Isaac Ntow

Personal information
- Full name: Isaac Toah Ntow
- Date of birth: 26 May 1994 (age 32)
- Place of birth: Ghana
- Height: 1.74 m (5 ft 9 in)
- Position: Winger

Youth career
- 2010–2013: Inter Milan
- 2013: Brescia

Senior career*
- Years: Team / Apps / (Gls)
- 2013–2015: Brescia / 5 / (0)
- 2015–2016: Chievo / 0 / (0)
- 2015–2016: → Como (loan) / 3 / (0)
- 2016: → Renate (loan) / 10 / (0)
- 2016–2017: Sambenedettese / 14 / (0)
- 2017–2018: Ciliverghe Mazzano / 17 / (0)
- 2018: Franciacorta FC
- 2018–2019: Hibernians / 18 / (0)
- 2019–2021: Birkirkara / 25 / (2)
- 2021–2022: Ħamrun Spartans / 18 / (1)

= Isaac N'Tow =

Ghanaian footballer

Isaac Toah N'Tow (born 26 May 1994) is a Ghanaian professional footballer who plays as a winger.

==Club career==
Ntow started his youth career at Inter Milan, being promoted to Primavera side in July 2010. On 31 January 2013 he moved to Brescia in a co-ownership deal for a peppercorn fee. Ntow picked no.14 shirt. On 20 June 2013 the remain 50% registration rights of Ntow was given to Brescia for free.
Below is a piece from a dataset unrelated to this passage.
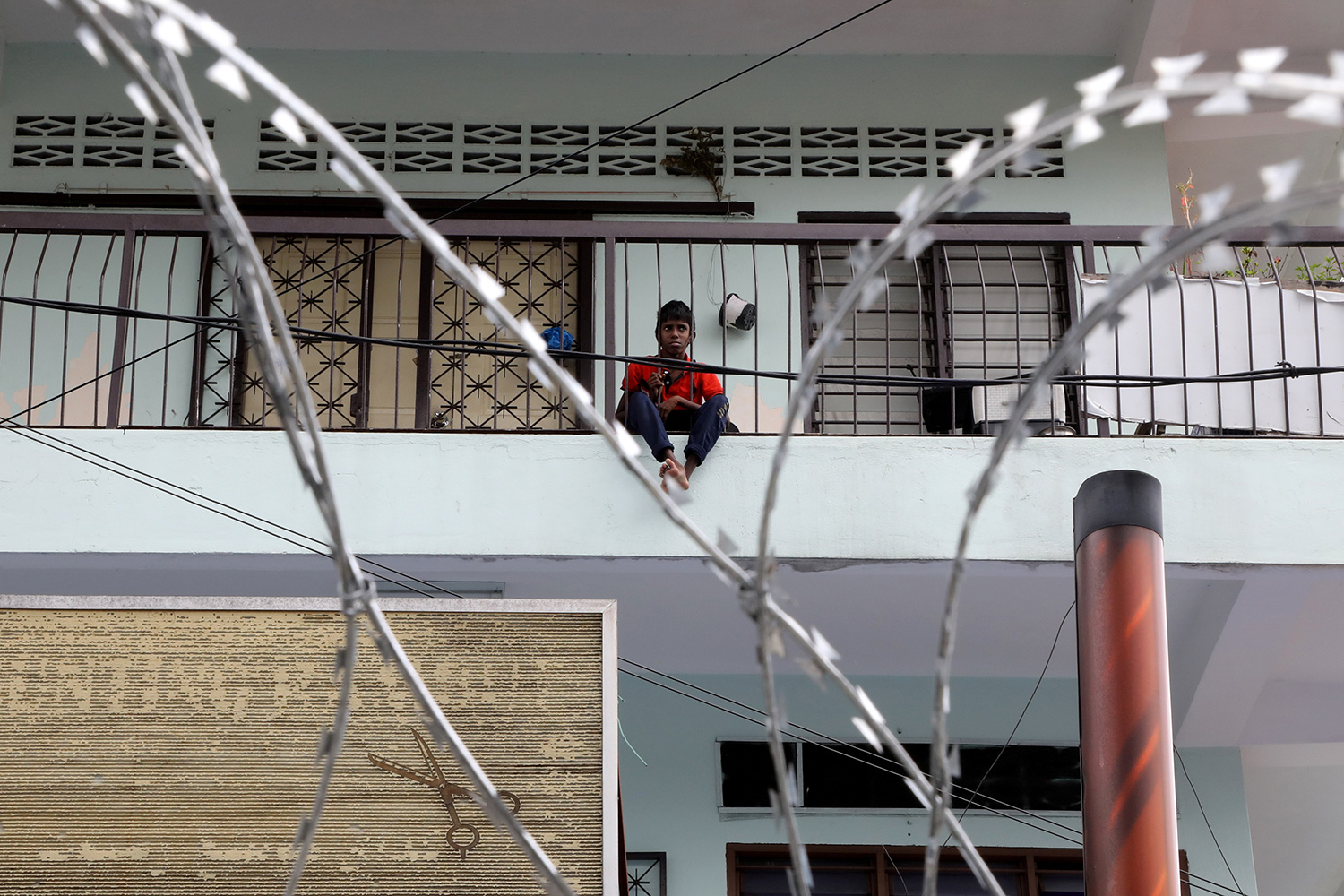 The photo shows the boy from a distance, standing on a balcony with barbed wire seen in the foreground.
On 15 March 2014 Ntow played his first match as a professional, coming on as a second-half substitute in a 0–2 loss at Palermo.

In summer 2015 he was signed by Chievo on a free transfer. On 21 August he was farmed to Serie B club Como. In January 2016 Ntow was loaned to Lega Pro side Renate.

On 19 July 2016 Ntow was signed by Sambenedettese.